I have some ideas for both items, but I'm having trouble concluding them.
$(a)$. From the condition $\theta \wedge \omega = 0$, we have that $\theta_i\omega_j = \theta_j\omega_i$ for all $i < j$. Suppose without losing generality that $\omega_1(x_0) \neq 0$. Then $\omega_1 \neq 0$ in some neighbourhood $V$ of $x_0$, and so $\theta_j = \theta_1 \omega_j/\omega_1$ for all $j$. So $\theta = \frac{\theta_1}{\omega_1}\omega$ in $V$. But I don't know if $\theta_1/\omega_1 \in {\cal C}^\infty_c(V)$, nor if that $V$ is ultimately the $V_0$ we're looking for, and neither how to use a cutoff function to fix that.
$(b)$. We assume item (a) here. For all $x \in K$ there is a neighbourhood $V_x$ of $x$ and $f_x \in {\cal C}^\infty_c(V_x)$ with $\theta = f_x\omega$ in $V_x$. Then $\{V_x\}_{x \in K}$ is an open cover of $K$ and by compactness there are points $x_1,\cdots,x_n$ in $K$ with $K \subseteq V_{x_1}\cup\cdots\cup V_{x_n}$. Then we take the partition of unity $\phi_j \in {\cal C}^\infty_c(V_{x_j})$, $0 \leq \phi_j \leq 1$, and $\sum_{j=1}^n \phi_j = 1$ in some neighbourhood $U$ of $K$. I want to say that: $$\theta = 1\cdot \theta = \sum_{j=1}^n \phi_j \omega = \sum_{j=1}^n\phi_jf_{x_j}\omega$$and put $g=\sum_{j=1}^n \phi_j f_{x_j}$, which seems the natural way of glueing the $f_{x_j}$'s, but I don't think this is quite right.
Help?
1) I assume they want $\theta$ to be compactly supported otherwise this might be false (just pick $\theta=2\omega$; then the only possible $f$ is not compactly supported.)
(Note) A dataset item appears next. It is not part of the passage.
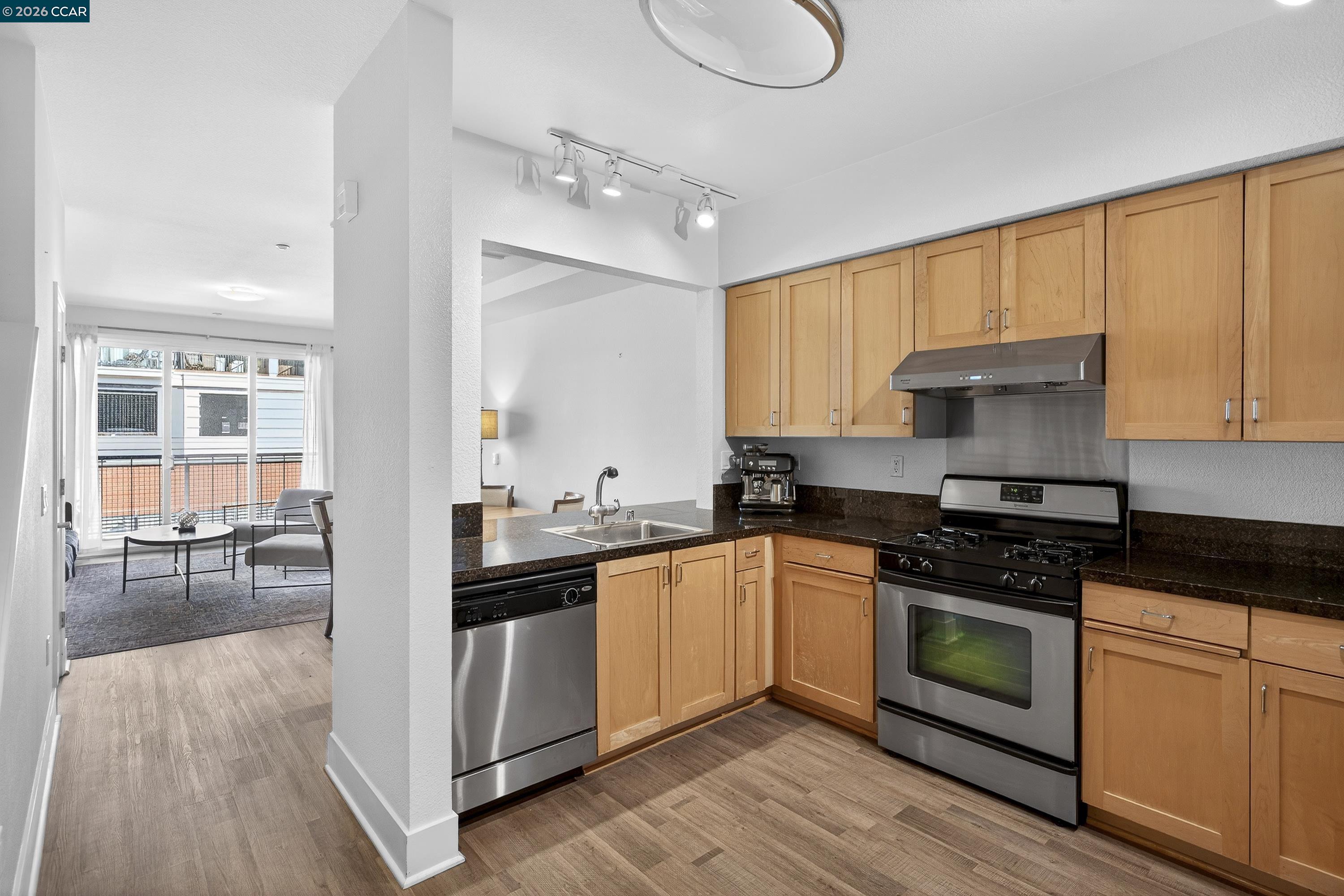 Photo #11: 41123807 Listing: Photo #11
For every point $x \in U$, pick $i$ such that $\omega_i(x) \neq 0$. Then for nearby $x$, $\omega_i(x)$ is still not zero. Define $f(x)$ by $\theta_i(x)/\omega_i(x)$, like you did; for the same reason you gave, this is well-defined. It's smooth because for points near $x$ we may fix the $i$ we choose to define it by, because $\omega_i$ is continuous (and hence nonzero near $x$); and because both $\theta_i$ and $\omega_i$ are smooth, and near $x$ $\omega_i$ is never zero, $\theta_i/\omega_i$ is smooth by the quotient rule. (To be honest, I don't really see where compact support comes in here.)
2) Your construction works fine. Again as before I have no idea why you need a finite cover.